= Flos Carmeli =

Catholic hymn

Flos Carmeli (Latin, "Flower of Carmel") is a Marian Catholic hymn and prayer honouring Our Lady of Mount Carmel.

In the Carmelite Rite of the Mass, this hymn was the sequence for the Feast of Saint Simon Stock (c. 1165 - 1265), and since 1663, for the Feast of Our Lady of Mount Carmel on 16 July throughout the Latin liturgical rites. Said to have been written by Saint Simon Stock himself, the prayer is taken from the first two stanzas of the hymn. Its name comes from its incipit.

==Text==
Various translations and musical settings exist besides the Gregorian chant one. Below is one version distinguished by "Tall vine blossom laden" in the second line.
|
 Flos Carmeli, vitis florigera, splendor cæli, virgo puerpera singularis. Mater mitis sed viri nescia Carmelitis da privilegia Stella Maris. Radix Jesse germinans flosculum nos ad esse tecum in sæculum patiaris. Inter spinas quæ crescis lilium serva puras mentes fragilium tutelaris. Armatura fortis pugnantium furunt bella tende præsidium scapularis. Per incerta prudens consilium per adversa iuge solatium largiaris. Mater dulcis Carmeli domina, plebem tuam reple lætitia qua bearis. Paradisi clavis et ianua, fac nos duci quo, Mater, gloria coronaris. Amen. (Alleluia.)
 |
Flower of Carmel, Tall vine blossom laden; Splendour of heaven, Childbearing yet maiden. None equals thee. Mother so tender, Who no man didst know, On Carmel's children Thy favours bestow. Star of the Sea. Strong stem of Jesse, Who bore one bright flower, Be ever near us And guard us each hour, who serve thee here. Purest of lilies, That flowers among thorns, Bring help to the true heart That in weakness turns and trusts in thee.
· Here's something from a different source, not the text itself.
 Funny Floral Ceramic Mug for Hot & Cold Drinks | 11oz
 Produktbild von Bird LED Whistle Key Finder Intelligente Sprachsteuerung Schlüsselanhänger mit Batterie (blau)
Strongest of armour, We trust in thy might: Under thy mantle, Hard press'd in the fight, we call to thee. Our way uncertain, Surrounded by foes, Unfailing counsel You give to those who turn to thee. O gentle Mother Who in Carmel reigns, Share with your servants That gladness you gained and now enjoy. Hail, Gate of Heaven, With glory now crowned, Bring us to safety Where thy Son is found, true joy to see. Amen. (Alleluia.)